===== EXERCISE DATA
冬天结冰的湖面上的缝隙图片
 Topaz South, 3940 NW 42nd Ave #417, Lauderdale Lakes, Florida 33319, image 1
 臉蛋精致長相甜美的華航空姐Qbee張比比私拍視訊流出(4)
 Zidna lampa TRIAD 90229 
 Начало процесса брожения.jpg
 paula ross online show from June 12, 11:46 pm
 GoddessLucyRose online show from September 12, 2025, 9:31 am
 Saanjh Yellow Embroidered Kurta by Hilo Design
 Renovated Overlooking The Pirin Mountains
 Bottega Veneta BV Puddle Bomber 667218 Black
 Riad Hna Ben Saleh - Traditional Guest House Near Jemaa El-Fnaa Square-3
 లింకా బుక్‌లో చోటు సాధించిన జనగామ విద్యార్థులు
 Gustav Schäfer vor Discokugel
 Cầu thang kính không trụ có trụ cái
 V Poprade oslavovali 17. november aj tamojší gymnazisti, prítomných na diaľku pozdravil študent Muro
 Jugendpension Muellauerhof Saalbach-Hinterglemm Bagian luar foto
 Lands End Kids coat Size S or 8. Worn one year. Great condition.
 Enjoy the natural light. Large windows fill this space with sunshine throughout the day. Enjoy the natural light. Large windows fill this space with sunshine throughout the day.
==========
» WHAT IS NEEDED
All lines from the one containing "Zidna lampa TRIAD 90229" to the end of the records are to be duplicated exactly, and no other lines are to be given.

» YOUR RESPONSE
 Zidna lampa TRIAD 90229 
 Начало процесса брожения.jpg
 paula ross online show from June 12, 11:46 pm
 GoddessLucyRose online show from September 12, 2025, 9:31 am
 Saanjh Yellow Embroidered Kurta by Hilo Design
 Renovated Overlooking The Pirin Mountains
 Bottega Veneta BV Puddle Bomber 667218 Black
 Riad Hna Ben Saleh - Traditional Guest House Near Jemaa El-Fnaa Square-3
 లింకా బుక్‌లో చోటు సాధించిన జనగామ విద్యార్థులు
 Gustav Schäfer vor Discokugel
 Cầu thang kính không trụ có trụ cái
 V Poprade oslavovali 17. november aj tamojší gymnazisti, prítomných na diaľku pozdravil študent Muro
 Jugendpension Muellauerhof Saalbach-Hinterglemm Bagian luar foto
 Lands End Kids coat Size S or 8. Worn one year. Great condition.
 Enjoy the natural light. Large windows fill this space with sunshine throughout the day. Enjoy the natural light. Large windows fill this space with sunshine throughout the day.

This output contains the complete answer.